What needs to be done =
In the records below, begin at the line that has "adwcleaner-0022.png" and stop after the line that has "Imagem 7: KITNET"; quote those lines verbatim and nothing more.

[Entries taken from a collection]
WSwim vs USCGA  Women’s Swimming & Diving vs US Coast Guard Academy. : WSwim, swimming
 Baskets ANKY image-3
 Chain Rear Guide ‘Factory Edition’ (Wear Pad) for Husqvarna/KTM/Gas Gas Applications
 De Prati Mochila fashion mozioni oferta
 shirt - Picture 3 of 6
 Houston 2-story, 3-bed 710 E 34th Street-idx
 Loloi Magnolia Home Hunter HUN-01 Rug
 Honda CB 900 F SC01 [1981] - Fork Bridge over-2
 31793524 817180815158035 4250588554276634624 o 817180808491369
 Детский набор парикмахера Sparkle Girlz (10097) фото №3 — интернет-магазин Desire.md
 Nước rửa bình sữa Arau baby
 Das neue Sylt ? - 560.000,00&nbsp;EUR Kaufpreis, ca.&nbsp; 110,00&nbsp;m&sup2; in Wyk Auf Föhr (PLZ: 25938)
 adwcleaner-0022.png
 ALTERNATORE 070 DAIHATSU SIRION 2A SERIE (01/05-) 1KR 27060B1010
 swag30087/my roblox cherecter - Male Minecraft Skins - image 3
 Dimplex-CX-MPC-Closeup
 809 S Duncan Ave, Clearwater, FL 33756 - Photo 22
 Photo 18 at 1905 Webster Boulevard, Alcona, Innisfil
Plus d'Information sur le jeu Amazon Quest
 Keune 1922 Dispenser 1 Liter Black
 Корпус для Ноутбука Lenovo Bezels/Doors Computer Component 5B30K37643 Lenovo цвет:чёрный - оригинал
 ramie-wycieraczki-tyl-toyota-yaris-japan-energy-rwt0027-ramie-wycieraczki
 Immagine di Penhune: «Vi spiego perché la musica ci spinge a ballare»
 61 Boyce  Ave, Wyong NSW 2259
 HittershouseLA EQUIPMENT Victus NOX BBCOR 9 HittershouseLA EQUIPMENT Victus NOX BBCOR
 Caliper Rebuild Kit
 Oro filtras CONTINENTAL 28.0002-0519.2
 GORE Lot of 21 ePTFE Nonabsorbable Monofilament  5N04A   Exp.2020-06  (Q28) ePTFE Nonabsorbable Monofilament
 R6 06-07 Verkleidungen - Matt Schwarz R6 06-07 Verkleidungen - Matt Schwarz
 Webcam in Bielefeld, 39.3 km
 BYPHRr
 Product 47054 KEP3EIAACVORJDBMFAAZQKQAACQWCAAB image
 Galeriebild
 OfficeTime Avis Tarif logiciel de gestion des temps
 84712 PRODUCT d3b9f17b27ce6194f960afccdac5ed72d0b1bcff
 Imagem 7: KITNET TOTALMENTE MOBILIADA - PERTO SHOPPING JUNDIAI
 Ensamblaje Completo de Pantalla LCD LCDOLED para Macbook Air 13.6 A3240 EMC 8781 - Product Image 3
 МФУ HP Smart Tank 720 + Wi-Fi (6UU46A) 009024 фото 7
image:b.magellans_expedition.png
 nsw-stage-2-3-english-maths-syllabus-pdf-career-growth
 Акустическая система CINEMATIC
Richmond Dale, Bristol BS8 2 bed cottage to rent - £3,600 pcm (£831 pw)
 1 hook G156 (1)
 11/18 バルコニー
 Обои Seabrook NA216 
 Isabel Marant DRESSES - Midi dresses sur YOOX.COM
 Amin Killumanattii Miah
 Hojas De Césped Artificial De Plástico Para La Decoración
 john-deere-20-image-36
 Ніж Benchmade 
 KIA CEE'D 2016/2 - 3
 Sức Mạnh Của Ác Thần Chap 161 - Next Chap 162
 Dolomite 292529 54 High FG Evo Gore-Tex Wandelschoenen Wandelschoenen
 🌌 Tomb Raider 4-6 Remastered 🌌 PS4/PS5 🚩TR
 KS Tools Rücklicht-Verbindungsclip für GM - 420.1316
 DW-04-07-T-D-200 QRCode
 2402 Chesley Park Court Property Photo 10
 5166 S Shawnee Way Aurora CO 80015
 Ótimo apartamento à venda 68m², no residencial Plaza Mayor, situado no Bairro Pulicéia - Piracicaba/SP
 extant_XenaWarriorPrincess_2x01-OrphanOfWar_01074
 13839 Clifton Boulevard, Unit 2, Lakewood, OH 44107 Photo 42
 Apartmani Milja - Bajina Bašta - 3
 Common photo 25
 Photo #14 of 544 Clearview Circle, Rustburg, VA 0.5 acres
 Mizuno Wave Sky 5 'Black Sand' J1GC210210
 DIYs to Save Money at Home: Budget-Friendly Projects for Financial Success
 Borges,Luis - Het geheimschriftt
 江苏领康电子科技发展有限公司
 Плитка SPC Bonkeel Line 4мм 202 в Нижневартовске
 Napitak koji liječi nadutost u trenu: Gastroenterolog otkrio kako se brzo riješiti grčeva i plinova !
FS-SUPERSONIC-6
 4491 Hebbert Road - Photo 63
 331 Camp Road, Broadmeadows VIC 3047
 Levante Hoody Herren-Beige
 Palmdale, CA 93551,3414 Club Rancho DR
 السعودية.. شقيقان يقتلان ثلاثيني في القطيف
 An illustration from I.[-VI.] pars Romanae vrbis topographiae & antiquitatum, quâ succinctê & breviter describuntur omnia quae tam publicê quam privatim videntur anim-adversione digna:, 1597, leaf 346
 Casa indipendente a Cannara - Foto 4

Completed exercise =
 adwcleaner-0022.png
 ALTERNATORE 070 DAIHATSU SIRION 2A SERIE (01/05-) 1KR 27060B1010
 swag30087/my roblox cherecter - Male Minecraft Skins - image 3
 Dimplex-CX-MPC-Closeup
 809 S Duncan Ave, Clearwater, FL 33756 - Photo 22
 Photo 18 at 1905 Webster Boulevard, Alcona, Innisfil
Plus d'Information sur le jeu Amazon Quest
 Keune 1922 Dispenser 1 Liter Black
 Корпус для Ноутбука Lenovo Bezels/Doors Computer Component 5B30K37643 Lenovo цвет:чёрный - оригинал
 ramie-wycieraczki-tyl-toyota-yaris-japan-energy-rwt0027-ramie-wycieraczki
 Immagine di Penhune: «Vi spiego perché la musica ci spinge a ballare»
 61 Boyce  Ave, Wyong NSW 2259
 HittershouseLA EQUIPMENT Victus NOX BBCOR 9 HittershouseLA EQUIPMENT Victus NOX BBCOR
 Caliper Rebuild Kit
 Oro filtras CONTINENTAL 28.0002-0519.2
 GORE Lot of 21 ePTFE Nonabsorbable Monofilament  5N04A   Exp.2020-06  (Q28) ePTFE Nonabsorbable Monofilament
 R6 06-07 Verkleidungen - Matt Schwarz R6 06-07 Verkleidungen - Matt Schwarz
 Webcam in Bielefeld, 39.3 km
 BYPHRr
 Product 47054 KEP3EIAACVORJDBMFAAZQKQAACQWCAAB image
 Galeriebild
 OfficeTime Avis Tarif logiciel de gestion des temps
 84712 PRODUCT d3b9f17b27ce6194f960afccdac5ed72d0b1bcff
 Imagem 7: KITNET TOTALMENTE MOBILIADA - PERTO SHOPPING JUNDIAI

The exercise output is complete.